In the visual study condition, the secondary task was a continuous tone identification task. Participants heard a high, medium, or low tone over headphones and were instructed to press the 1, 2 or 3 keys for each tone, respectively. After reading the instructions for the tone task participants were introduced to the different tones, followed by 30 seconds of practice in which the tone task was performed alone. During the tone task, a randomly selected tone was played until the correct response was entered. When a correct response was entered the current tone stopped and a new tone began. After practicing the tone task participants received instructions for the study phase of the DRM task. The tone task continued throughout the presentation of the visual study list.

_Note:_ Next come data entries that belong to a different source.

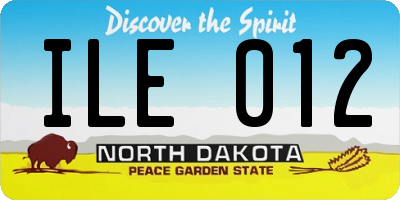 ND license plate ILE012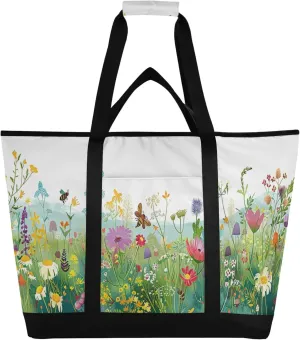 Wildflowers Reusable Insulated Cooler Bag with Ice Pack Compartment - Large 179L Waterproof Thermal Grocery Tote for Picnic Beach Camping Lunch Storage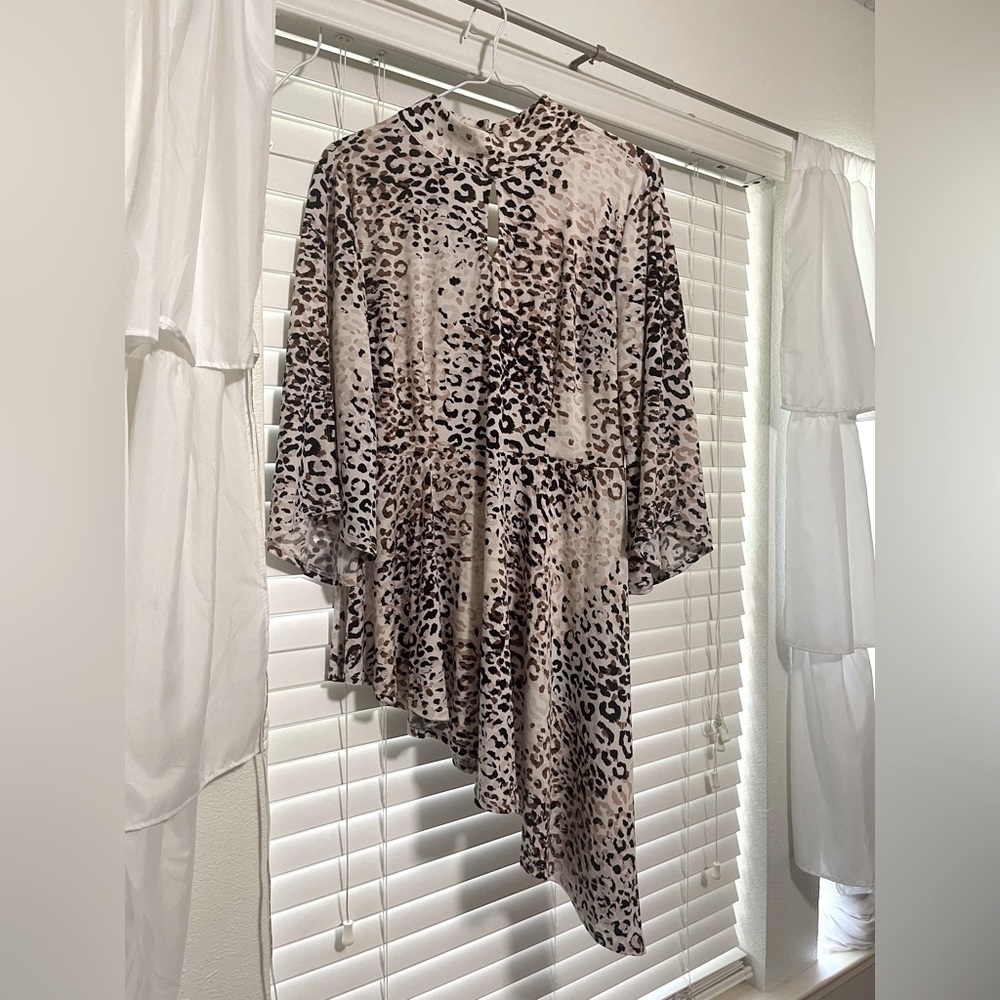 Cheetah print high neck top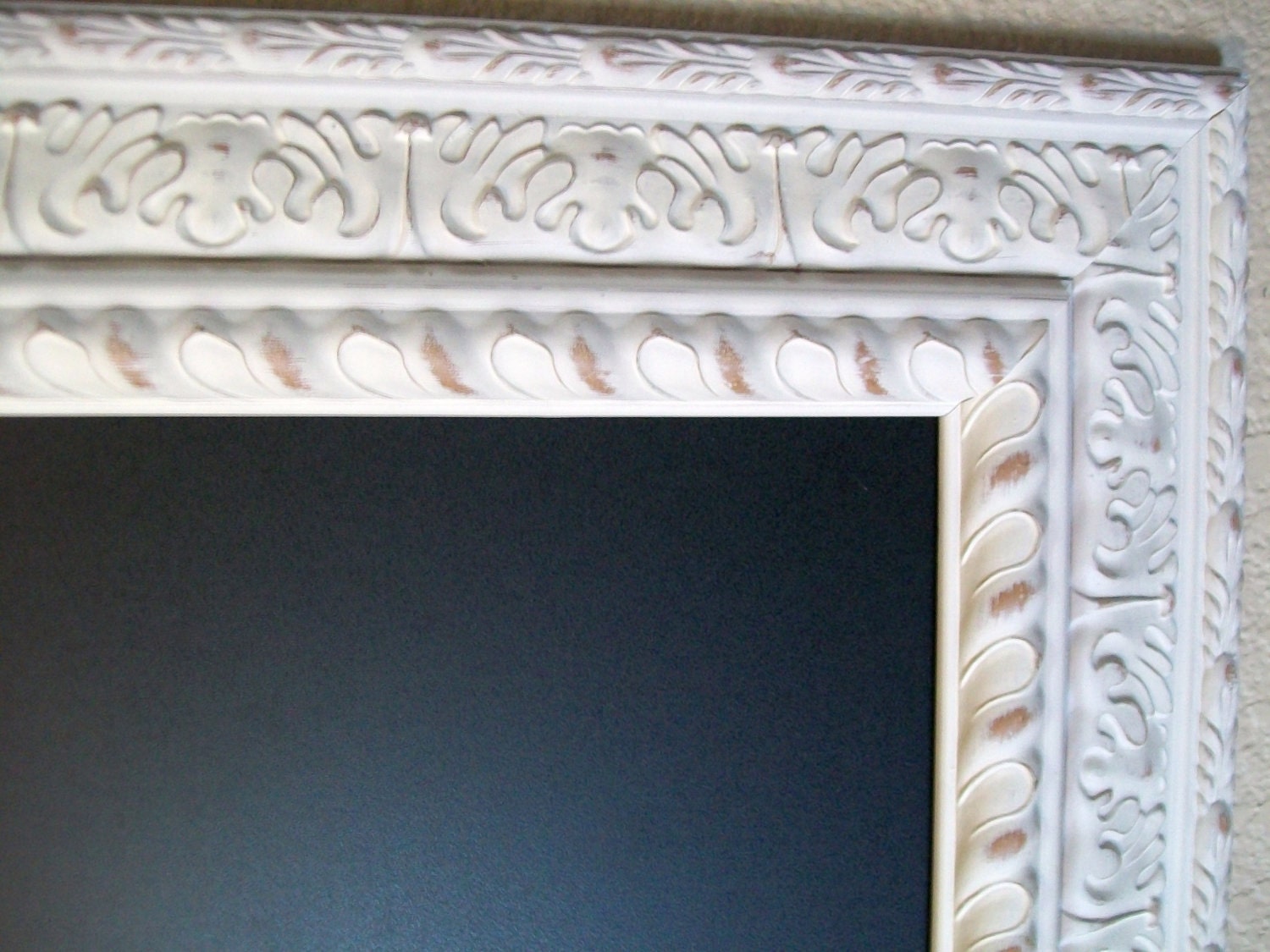 FRAMED CHALKBOARD-WHITE-Any Color-35 X 28 Ornate Chalkboard-Framed Magnetic Chalkboard-Burlap-Fabric-Magnetic Memo Board-Framed Chalk Board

In the auditory study list presentation condition, the secondary task was a continuous color identification task. Rectangles (approximately 15 × 15 cm) were presented in the center of the computer display in dark, medium, or light blue on a white background. Participants were introduced to the colors one at a time and pressed the 1, 2, or 3 keys for the light, medium, or dark colors respectively. Participants performed the continuous color identification task alone for 30 seconds before continuing to the DRM task. The color task continued throughout the auditory study list presentation.

Results and Discussion

False recall

False recall is shown in Table 2. The main effect of attention condition was not significant, F < 1, p > .93. The main effect of study presentation modality, F(1,93) = 7.36, MSE = .04, p = .008, ηp2 =.07, was significant. The interaction of modality and attention approached significance, F(1,93) = 3.37, MSE = .04, p =.070, ηp2 =.04. Planned comparisons were conducted to test the prediction that visual study presentation would reduce false memory relative to auditory study presentation in the full attention condition, but not in the divided attention condition. As predicted a significant effect of modality was demonstrated in the full attention condition, F(1,47) = 13.45, MSE = .03, p =.001, ηp2 =.22, but not in the divided attention condition, F < 1, p > .58. Thus, the pattern of results parallels the results found in Experiment 1: When cognitive resources are reduced, the advantage for visual study presentation in avoiding false memories is eliminated.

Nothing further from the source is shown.